#### [Problem to work on]
All of the lines below need to be copied exactly, apart from the pictures.

Web page caption snippets:
........

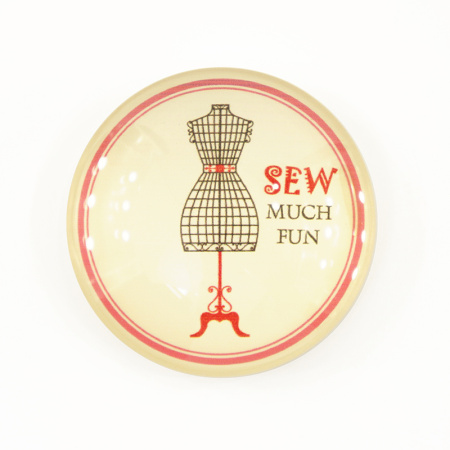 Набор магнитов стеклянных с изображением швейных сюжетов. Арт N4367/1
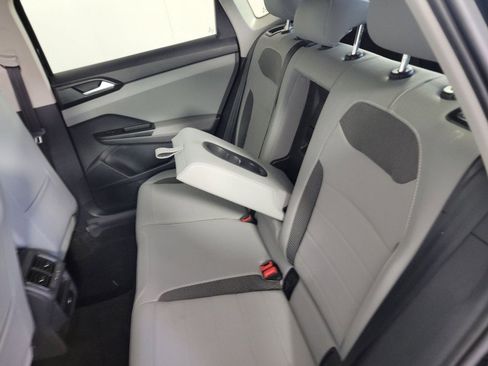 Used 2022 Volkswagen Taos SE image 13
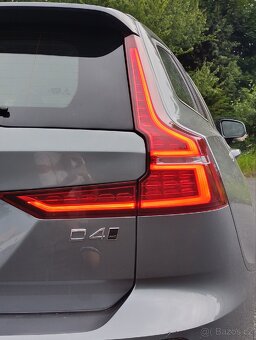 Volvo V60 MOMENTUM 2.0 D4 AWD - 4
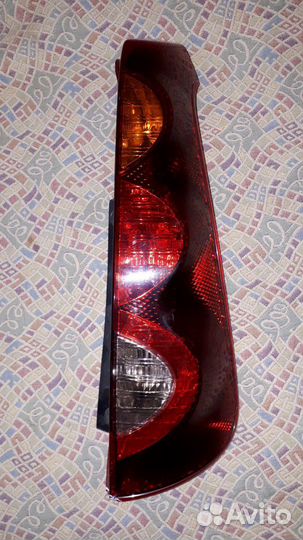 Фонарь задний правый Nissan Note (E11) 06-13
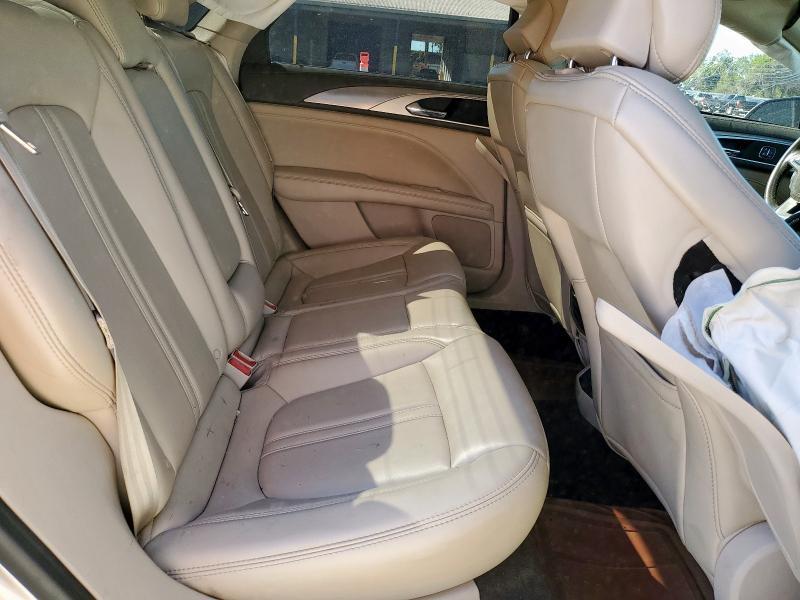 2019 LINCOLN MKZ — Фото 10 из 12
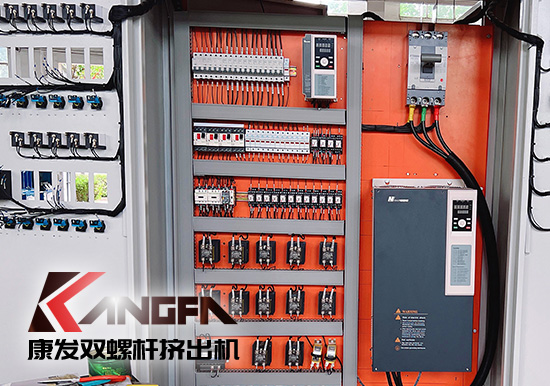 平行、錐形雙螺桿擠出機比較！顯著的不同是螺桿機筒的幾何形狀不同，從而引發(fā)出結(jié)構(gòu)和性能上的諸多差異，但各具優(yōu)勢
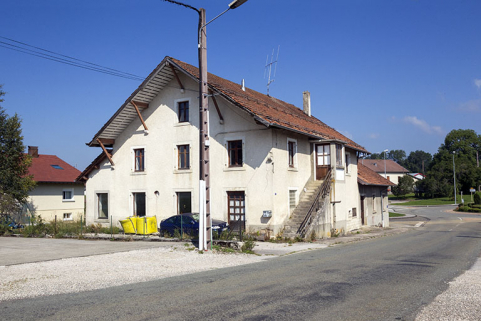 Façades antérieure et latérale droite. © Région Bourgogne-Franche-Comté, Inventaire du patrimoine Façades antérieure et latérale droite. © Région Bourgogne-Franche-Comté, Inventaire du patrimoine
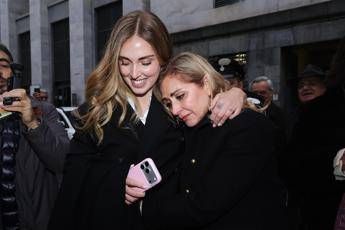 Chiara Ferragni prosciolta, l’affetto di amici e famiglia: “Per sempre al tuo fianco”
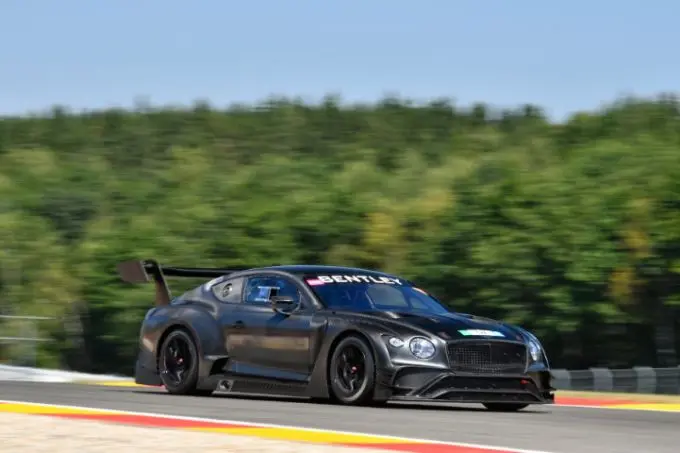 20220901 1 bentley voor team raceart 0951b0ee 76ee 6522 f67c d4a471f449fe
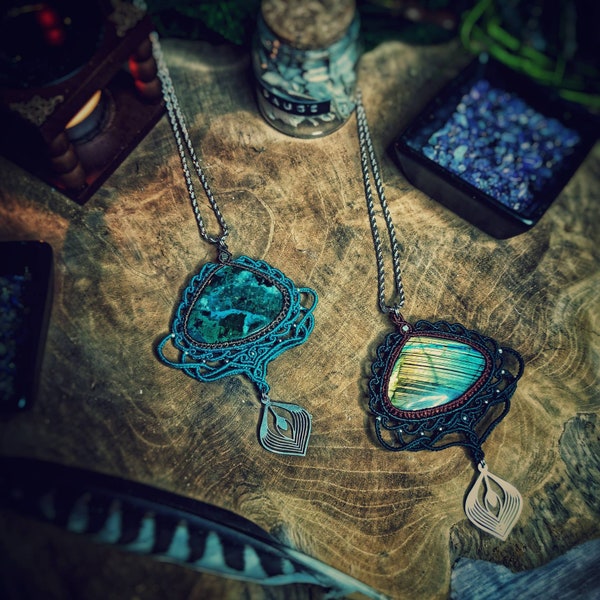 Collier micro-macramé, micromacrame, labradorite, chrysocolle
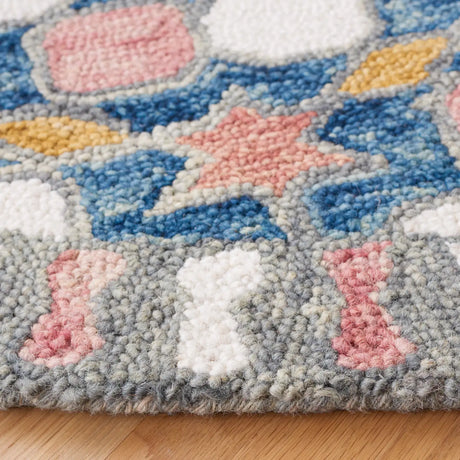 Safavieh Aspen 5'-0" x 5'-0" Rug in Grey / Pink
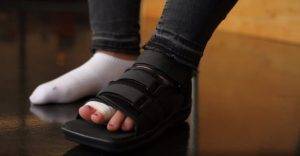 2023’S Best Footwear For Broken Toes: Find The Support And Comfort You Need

........

#### [Solution for this problem]
 Набор магнитов стеклянных с изображением швейных сюжетов. Арт N4367/1
 Used 2022 Volkswagen Taos SE image 13
 Volvo V60 MOMENTUM 2.0 D4 AWD - 4
 Фонарь задний правый Nissan Note (E11) 06-13
 2019 LINCOLN MKZ — Фото 10 из 12
 平行、錐形雙螺桿擠出機比較！顯著的不同是螺桿機筒的幾何形狀不同，從而引發(fā)出結(jié)構(gòu)和性能上的諸多差異，但各具優(yōu)勢
 Façades antérieure et latérale droite. © Région Bourgogne-Franche-Comté, Inventaire du patrimoine Façades antérieure et latérale droite. © Région Bourgogne-Franche-Comté, Inventaire du patrimoine
 Chiara Ferragni prosciolta, l’affetto di amici e famiglia: “Per sempre al tuo fianco”
 20220901 1 bentley voor team raceart 0951b0ee 76ee 6522 f67c d4a471f449fe
 Collier micro-macramé, micromacrame, labradorite, chrysocolle
 Safavieh Aspen 5'-0" x 5'-0" Rug in Grey / Pink
 2023’S Best Footwear For Broken Toes: Find The Support And Comfort You Need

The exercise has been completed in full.